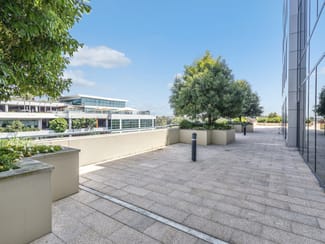 Offices commercial property for sale at A1.09/20 Lexington Drive Bella Vista NSW 2153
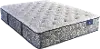 104732-3020 Serta Parkville Plush Twin-XL Mattress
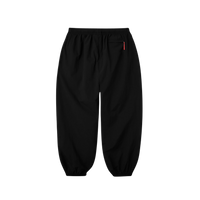 Track Pants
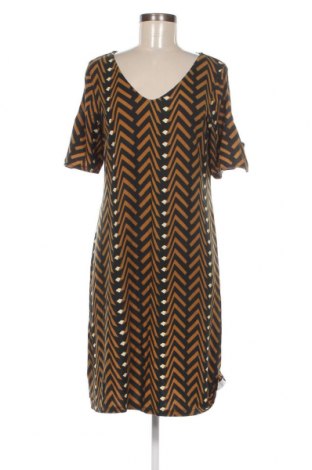 Kleid Bpc Bonprix Collection, Größe M, Farbe Mehrfarbig, Preis 8,90 €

- **WORK INSTRUCTIONS**: Drop the pictures, then transcribe the lines from the one containing "Track Pants" to the end of the data above, exactly and nothing more.

- **TASK ANSWER**:
 Track Pants
 Kleid Bpc Bonprix Collection, Größe M, Farbe Mehrfarbig, Preis 8,90 €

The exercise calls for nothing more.